И поскакал гонец в отряд с конвертом, на уголке которого поставлены три креста: предельный, значит, аллюр. За лошадь всадник не в ответе. В конверте — донесение начальнику войск. Срочное.

Скоро узнал о победе Оккер и на сопредельную сторону вызов послал, чтобы, значит, встречу ускорить, только ответ не вдруг получил. Японцы, наоборот, затягивали время. Невесть на что рассчитывали. Может, предполагали — одумается кто-то из сдавшихся в плен, ускользнет из-под охраны, переплывет Амур, вот тогда они сами смогут заговорить языком ультиматума, подкрепив его лязгом танковых гусениц. Даже поражение обернут в свою пользу. Да как еще повернут!

Только и пограничники наши не лыком же шиты. Охраняли пленных весь день очень серьезно, а на ночь переместили всех в окоп и окольцевали плотно. Мышь не прошмыгнет — не то чтобы человек. И утром, когда наконец пожаловали погранкомиссар и полковник-квантунец, построили пленных в привычный для них строй. Рядом с заиндевевшим оружием.

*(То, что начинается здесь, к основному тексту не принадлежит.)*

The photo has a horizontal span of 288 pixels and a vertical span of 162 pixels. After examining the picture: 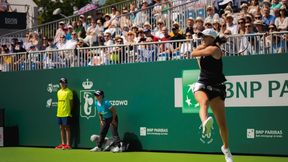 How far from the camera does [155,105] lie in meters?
17.1

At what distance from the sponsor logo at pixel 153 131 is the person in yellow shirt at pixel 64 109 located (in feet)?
8.49

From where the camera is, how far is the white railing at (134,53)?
1497 cm

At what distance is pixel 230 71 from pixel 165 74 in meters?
1.99

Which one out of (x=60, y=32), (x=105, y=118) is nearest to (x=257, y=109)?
(x=105, y=118)

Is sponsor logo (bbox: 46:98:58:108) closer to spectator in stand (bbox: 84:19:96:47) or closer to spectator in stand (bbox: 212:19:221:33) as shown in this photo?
spectator in stand (bbox: 84:19:96:47)

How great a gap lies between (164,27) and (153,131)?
3149mm

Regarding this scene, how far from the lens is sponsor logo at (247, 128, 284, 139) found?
48.5 ft

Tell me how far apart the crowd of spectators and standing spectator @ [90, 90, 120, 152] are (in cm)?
167

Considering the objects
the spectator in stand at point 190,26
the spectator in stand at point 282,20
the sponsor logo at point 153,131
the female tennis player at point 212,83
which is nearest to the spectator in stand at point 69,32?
the spectator in stand at point 190,26

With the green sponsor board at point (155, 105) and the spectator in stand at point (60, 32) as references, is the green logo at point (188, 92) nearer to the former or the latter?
the green sponsor board at point (155, 105)

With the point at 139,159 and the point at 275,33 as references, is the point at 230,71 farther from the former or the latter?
the point at 139,159

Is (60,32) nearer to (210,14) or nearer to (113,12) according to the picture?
(113,12)

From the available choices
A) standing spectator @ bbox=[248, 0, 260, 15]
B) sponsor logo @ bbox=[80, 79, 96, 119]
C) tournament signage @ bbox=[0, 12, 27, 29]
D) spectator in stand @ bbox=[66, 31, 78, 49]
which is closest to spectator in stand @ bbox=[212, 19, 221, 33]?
standing spectator @ bbox=[248, 0, 260, 15]

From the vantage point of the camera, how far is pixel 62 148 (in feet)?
62.3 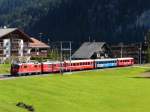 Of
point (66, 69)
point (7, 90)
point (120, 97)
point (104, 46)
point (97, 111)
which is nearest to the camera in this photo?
point (97, 111)

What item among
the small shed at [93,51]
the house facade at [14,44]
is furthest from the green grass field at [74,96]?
the small shed at [93,51]

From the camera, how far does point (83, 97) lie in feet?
190

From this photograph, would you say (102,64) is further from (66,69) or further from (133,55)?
(133,55)

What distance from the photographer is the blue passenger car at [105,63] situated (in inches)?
5045

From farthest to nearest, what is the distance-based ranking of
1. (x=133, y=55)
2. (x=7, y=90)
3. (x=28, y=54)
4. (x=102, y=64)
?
(x=133, y=55) < (x=28, y=54) < (x=102, y=64) < (x=7, y=90)

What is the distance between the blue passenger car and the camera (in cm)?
12815

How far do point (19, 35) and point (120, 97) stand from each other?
267ft

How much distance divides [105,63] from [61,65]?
26065 mm

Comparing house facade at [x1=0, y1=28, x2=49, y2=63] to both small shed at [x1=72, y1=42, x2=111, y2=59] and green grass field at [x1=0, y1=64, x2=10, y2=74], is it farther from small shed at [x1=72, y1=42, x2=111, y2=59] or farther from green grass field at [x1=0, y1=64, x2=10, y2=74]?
small shed at [x1=72, y1=42, x2=111, y2=59]

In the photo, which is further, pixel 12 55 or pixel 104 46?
pixel 104 46

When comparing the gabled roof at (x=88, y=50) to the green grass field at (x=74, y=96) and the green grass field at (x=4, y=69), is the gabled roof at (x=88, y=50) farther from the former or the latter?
the green grass field at (x=74, y=96)

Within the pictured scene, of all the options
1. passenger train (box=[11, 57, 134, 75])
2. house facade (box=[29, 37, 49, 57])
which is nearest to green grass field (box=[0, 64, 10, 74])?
passenger train (box=[11, 57, 134, 75])

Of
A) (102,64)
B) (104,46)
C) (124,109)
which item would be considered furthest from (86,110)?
(104,46)

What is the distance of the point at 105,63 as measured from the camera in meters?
132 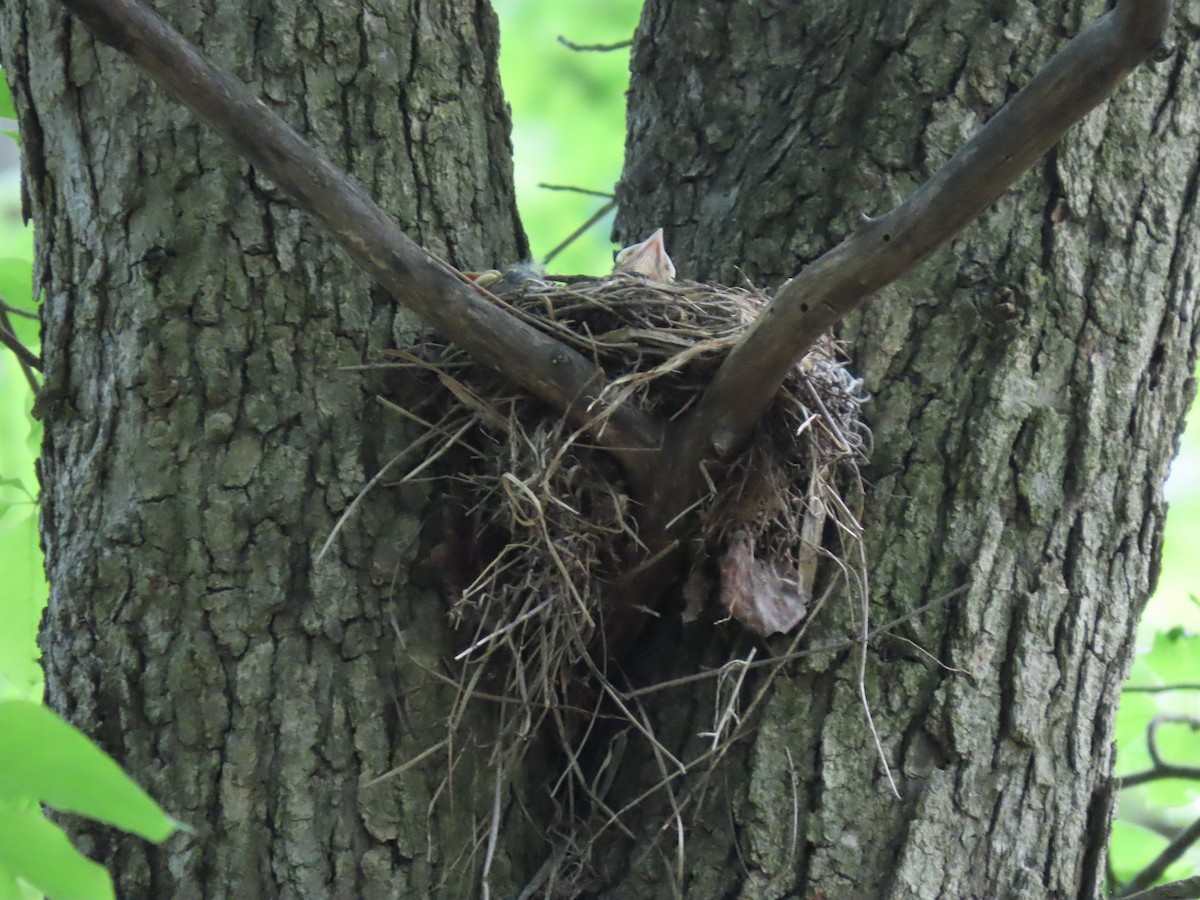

— Мы не хотим крови, — с паузами для переводчика заговорил Богусловский. — Мы могли бы уничтожить высланный вами десант, но не сделали этого гуманности ради. Берите их обратно. Без оружия, правда. Оружие останется у нас. Предупреждаем, однако, что впредь не будем столь милосердны. С миром в гости — милости просим. С войной — стеной встанем. Думаю, вам не хочется нового Хасана. Халхин-Гол для вас тоже вовсе не желателен. Но теперь, если случится такое, десятикратно пагубней для вас будет финал…

— Мы не имеем никакого отношения к тому, что здесь произошло, — возразил полковник. — Это — самовольная акция. Господин погранкомиссар и я сделаем нужные выводы…

— Да, сделайте, — снисходительно разрешил Богусловский, наблюдая с радостью за бессильным гневом японца, вынужденного натянуть маску холодной почтительности. — Сделайте. И еще совет вам. Совет профессионала-пограничника: несите службу лучше. Такую ораву не заметить? За такое у нас под трибунал бы отдали.

Не последовало благодарности за добрый совет. Козырнул молча полковник-квантунец и выпалил несколько сердитых фраз, уже не Богусловскому адресованных, а тем, кто сопровождал его в этой невыгодной поездке. Вроде бы подчиненные виноваты в его унижении.

Засуетились пугливо все вокруг, посеменили, подгоняемые криками, провокаторы-неудачники к лодкам и джонкам, а наши пограничники с ухмылками на лицах созерцали горделиво плоды своей победы, понимая и малую ее масштабность, и великую значимость.

Богусловский тоже, как и все, гордился свершенным, может быть более всех понимая, сколь великое дело сделано. Он анализировал еще и еще раз все, что произошло на этом пятачке дальневосточной земли, что происходило на участке всего округа в военные месяцы, и чувствовал, что подобная победа не может глобально отвести великую угрозу, которая висит над Сибирью, а значит, и над всей страной. Не в состоянии они наличными силами отбить не только вторжение вражеское, но даже провокации, если совершены они будут сразу в нескольких местах да еще если станут часто повторяться.

«Нет, усиливать нужно Дальний Восток, а не оголять его, — думал упрямо он, пытаясь вывести из случившегося здесь весомый аргумент для письма в Кремль. — Везение не каждый раз будет нам сопутствовать. Сила должна быть здесь. Мощная…»

Не раз еще и не два, как считал Богусловский, придется округу противостоять подобным провокациям, а возможно, и более мощным, нужно поэтому готовиться к ним, мобилизовать все силы. Он, однако же, ошибался. Потихоньку-полегоньку наглость квантунцев станет притухать, смирней они поведут себя, а после разгрома фашистов под Москвой и вовсе обходиться начнут щипками, не решаясь на крупные пограничные конфликты.

Письмо Богусловский так и не окончит, а Оккер с удовольствием станет красоваться своей прозорливостью. Нет-нет да и скажет назидательно к случаю, а то и не совсем уместно:

— Видишь, устояла Москва, и тут потеплело. А ты — Наполеон… Кутузов! Не те времена. Битвы не те. Классовые они сегодня. И роль Москвы в этих битвах иная.